■ Extracted records

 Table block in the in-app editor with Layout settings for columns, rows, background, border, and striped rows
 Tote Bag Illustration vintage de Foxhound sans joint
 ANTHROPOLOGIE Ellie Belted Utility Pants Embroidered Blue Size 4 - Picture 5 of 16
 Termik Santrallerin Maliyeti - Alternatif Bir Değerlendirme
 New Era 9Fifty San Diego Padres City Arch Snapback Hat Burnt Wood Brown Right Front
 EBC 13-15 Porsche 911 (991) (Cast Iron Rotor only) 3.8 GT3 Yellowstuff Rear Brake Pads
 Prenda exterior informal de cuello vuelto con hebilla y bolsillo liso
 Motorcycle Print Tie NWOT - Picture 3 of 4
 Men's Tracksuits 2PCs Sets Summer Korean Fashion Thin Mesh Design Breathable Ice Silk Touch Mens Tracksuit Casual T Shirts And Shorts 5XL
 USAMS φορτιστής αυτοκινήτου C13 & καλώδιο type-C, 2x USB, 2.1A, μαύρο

■ Directions for this task
From the line containing "ANTHROPOLOGIE Ellie Belted" to the last line above, repeat every line exactly and nothing else.

■ Result for this task
 ANTHROPOLOGIE Ellie Belted Utility Pants Embroidered Blue Size 4 - Picture 5 of 16
 Termik Santrallerin Maliyeti - Alternatif Bir Değerlendirme
 New Era 9Fifty San Diego Padres City Arch Snapback Hat Burnt Wood Brown Right Front
 EBC 13-15 Porsche 911 (991) (Cast Iron Rotor only) 3.8 GT3 Yellowstuff Rear Brake Pads
 Prenda exterior informal de cuello vuelto con hebilla y bolsillo liso
 Motorcycle Print Tie NWOT - Picture 3 of 4
 Men's Tracksuits 2PCs Sets Summer Korean Fashion Thin Mesh Design Breathable Ice Silk Touch Mens Tracksuit Casual T Shirts And Shorts 5XL
 USAMS φορτιστής αυτοκινήτου C13 & καλώδιο type-C, 2x USB, 2.1A, μαύρο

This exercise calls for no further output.